Suppose I have data in a file that represents a car dealers current (huge) inventory of unique (by some criterium) cars, and a new file is generated daily reflecting the inventory and price etc. of each car.

Parsing the file results in a list of Car objects. The uniqueness of each car is represented in the Car object by some value, that would be the basis of a unique key in a regular rdbms setup.

I want the data in CosmosDB to be a queryable version of the data in the file. It should only hold data from the latest parsed file, and not data from previous files.

I have an Azure function that parses the file when it is uploaded to a blob storage, and inserts the parsed data into CosmosDB. However, this insertion will just grow the database over time with worthless data.

  • How can I UPSERT the parsed Car objects instead of always inserting them?

  • Can the upsert be declared as part azure function instead of ICollector<Car>?
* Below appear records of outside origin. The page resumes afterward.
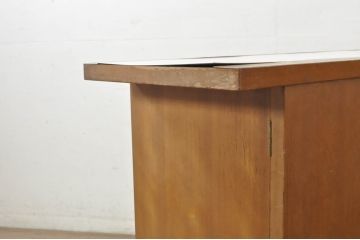和製ビンテージ　激レア希少!!　北欧デザイン　チーク材　シンプルでモダンなデザインが空間をおしゃれに演出するサイドボード(サイドキャビネット、収納棚、戸棚、テレビ台、テレビボード、ヴィンテージ)(R-080863)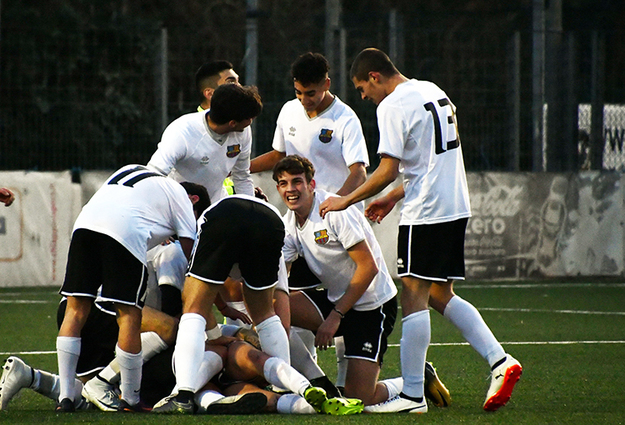 Vigor Perconti, 22esima vittoria stagionale ©Lori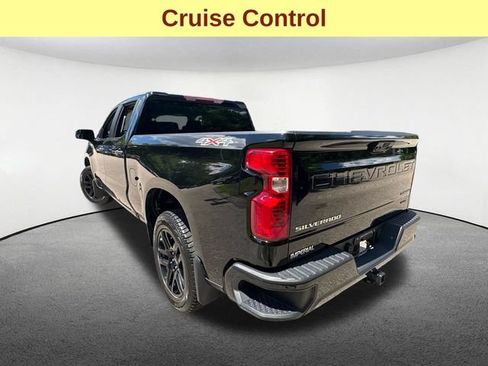 Used 2024 Chevrolet Silverado 1500 Custom AWD/4WD image 10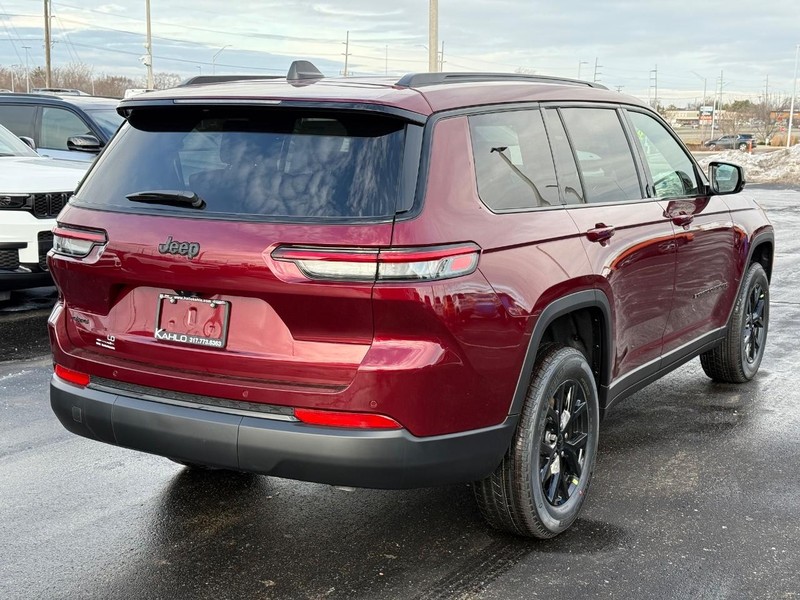 Jeep Grand Cherokee L Vehicle Full-screen Gallery Image 3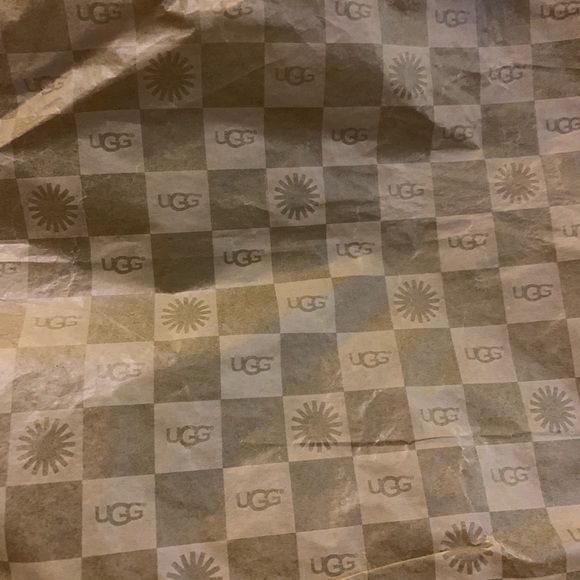 Uggs Boots - Picture 5 of 7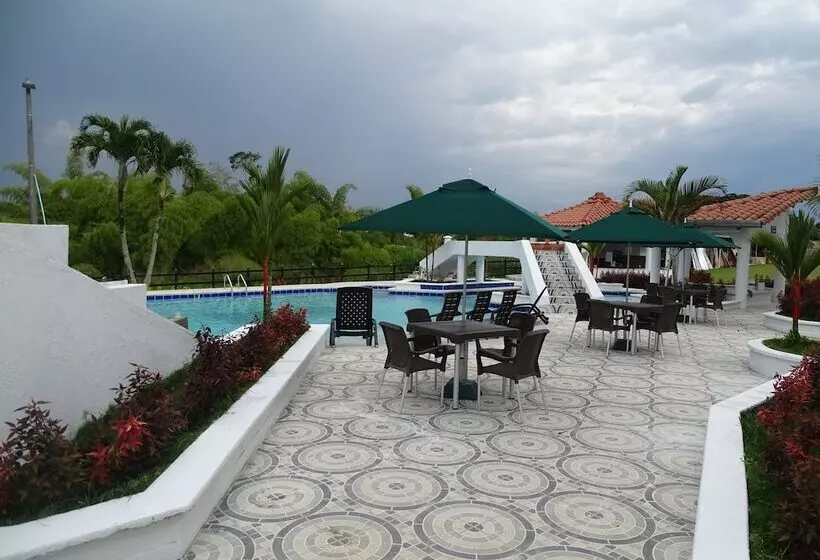 Hotelli Palmas De Alcalá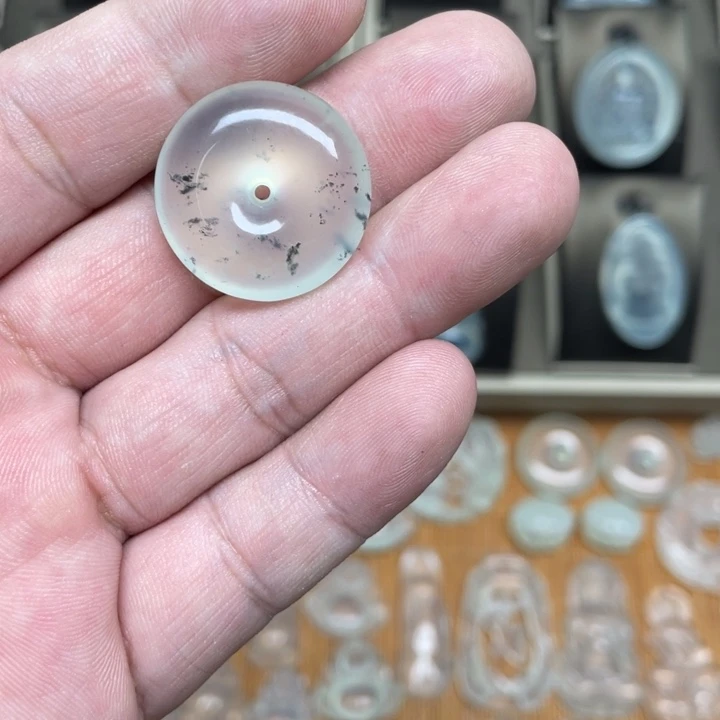 用***8未镶嵌岫玉吊坠(赠链)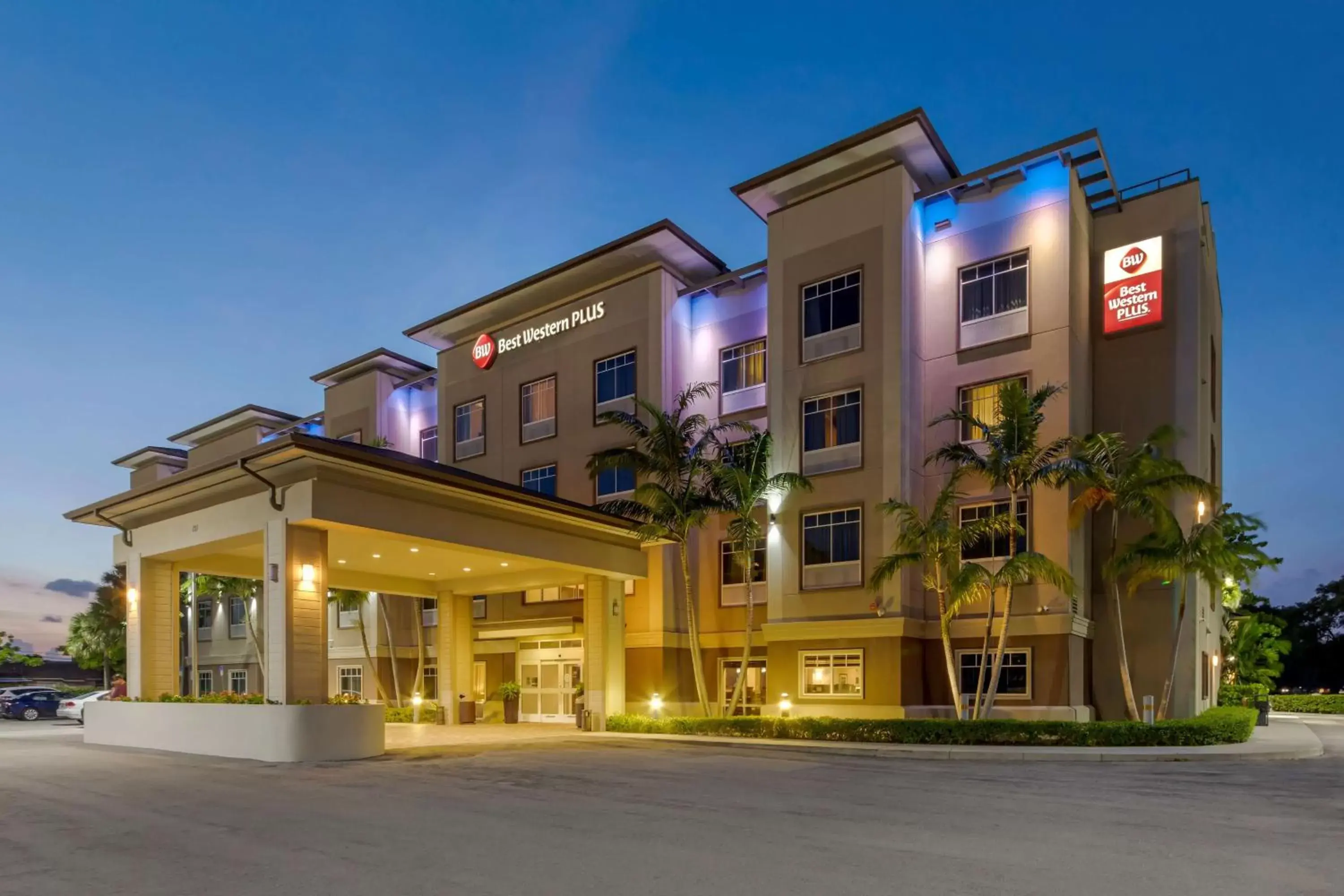 Property Building in Best Western Plus Miami Airport North Hotel & Suites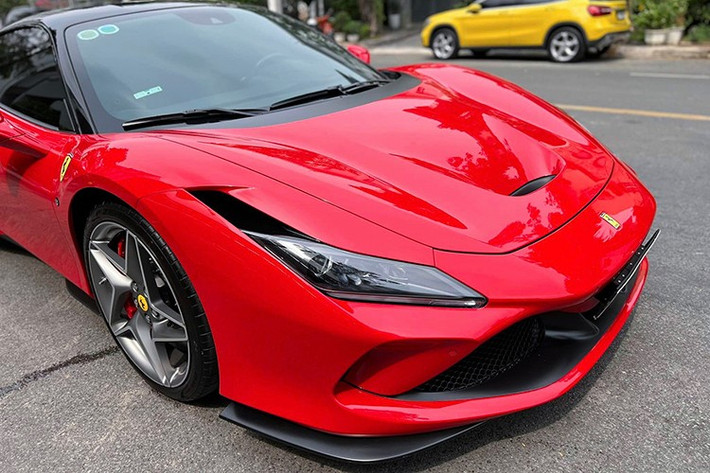Còn nếu so sánh sức mạnh của Ferrari F8 Tributo và mẫu xe Ferrari 488 GTB, hai chiếc xe này cùng sử dụng động cơ V8, dung tích 3.9 lít, tăng áp kép, nhưng "ngựa chiến" ở Đà Nẵng lại có công suất cao hơn 49 mã lực và mô-men xoắn cực đại hơn 10 Nm so với đàn anh.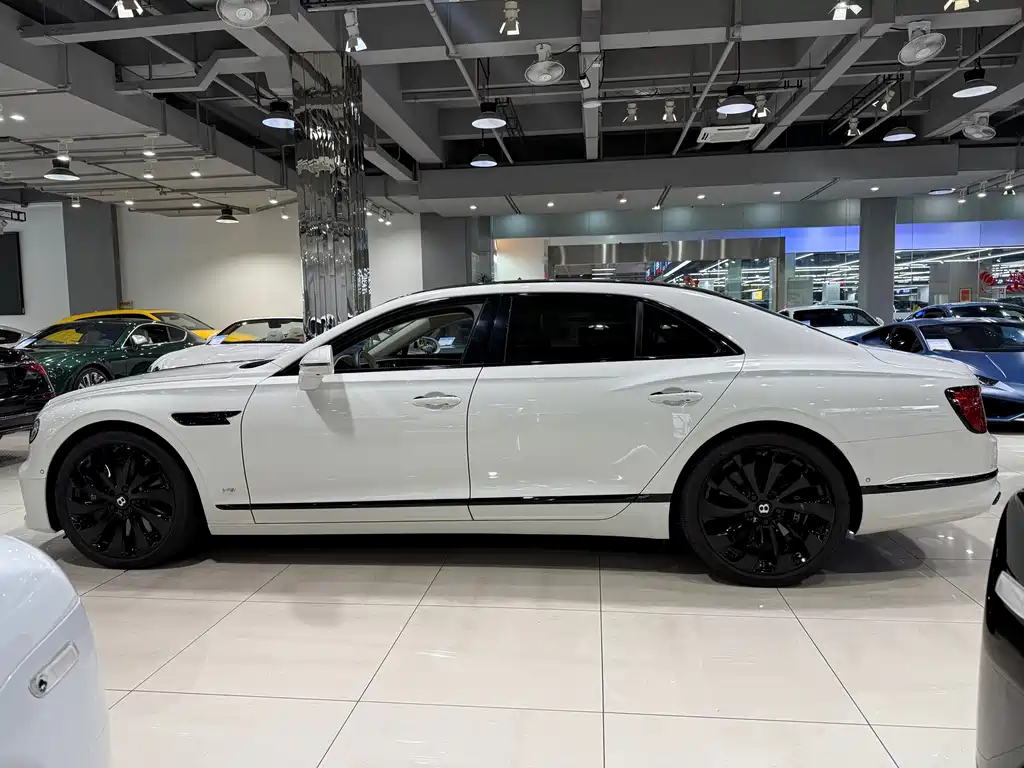 Flying Spur 4.0 T V8 Standard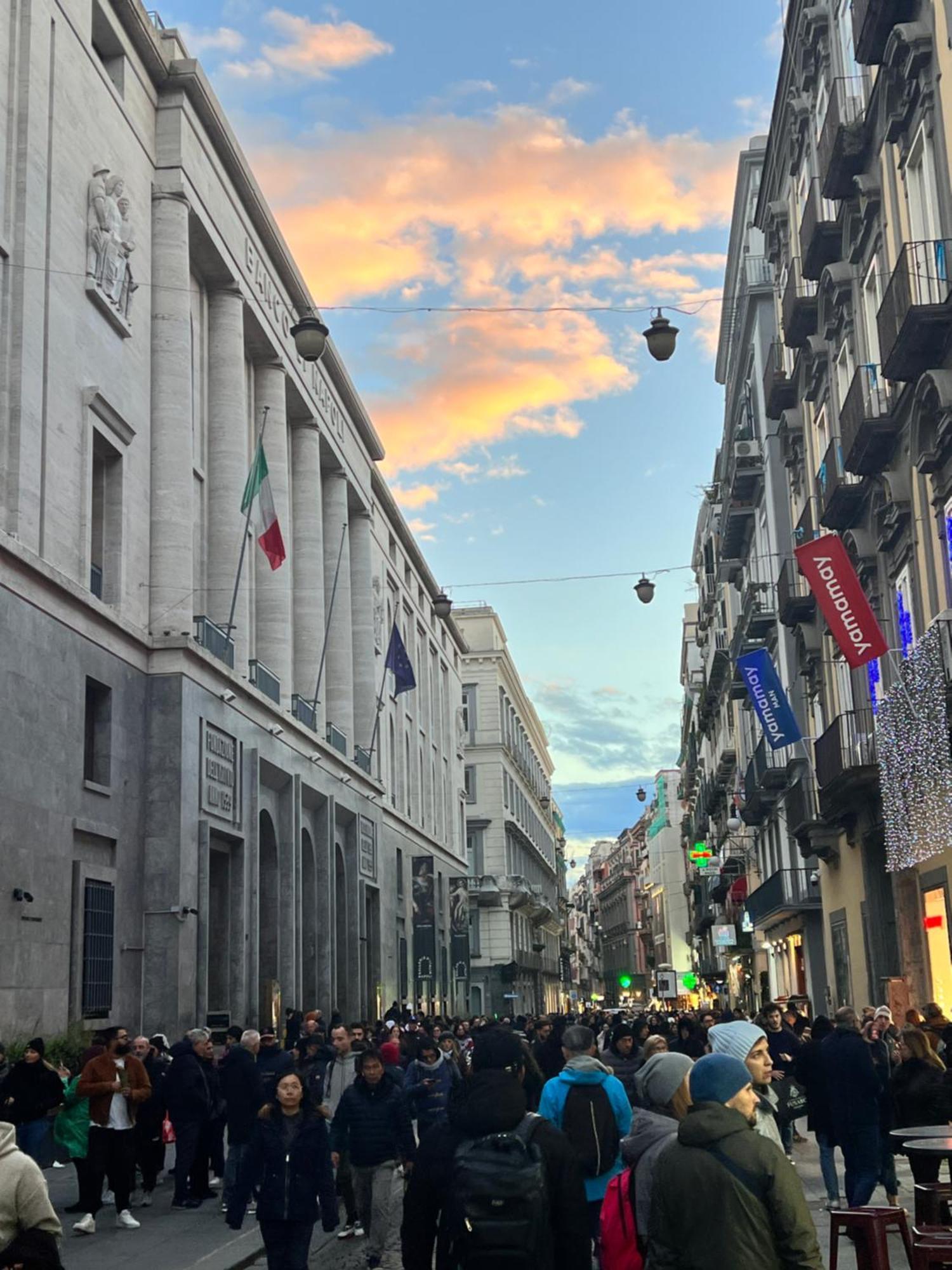 Appartamento Ira House Napoli Esterno foto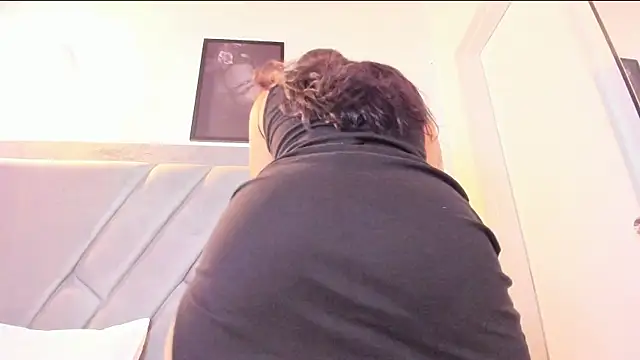 nataliee foster online show from September 2025 10:19:01 AM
I guess that CosmosDB could be used as an input to the Azure function and comparing the Car objects there with the ones in the file and updating/inserting when necessary, but I would prefer if CosmosDB or Azure function has a neat way of achieving this.

The Azure function:

public static void Run(
  [BlobTrigger("data", Connection = "StorageConnection")] TextReader textReader,
  [CosmosDB("data", "car", ConnectionStringSetting ="CosmosDb", CreateIfNotExists = true)] ICollector<Car> documentOutputBinding)
  var cars = CarsFileParser.Parse(textReader);

  foreach (var car in cars)
What's the document ID in Cosmos? Is it Car id or auto generated?Mikhail Shilkov
It is auto generated. Can it be the car id and still be og type Car?kasperhj

1 Answers


To upsert documents, change your Car class to have id property in it, and set it to unique car identifier.

ICollector<Car> should be ok for this case.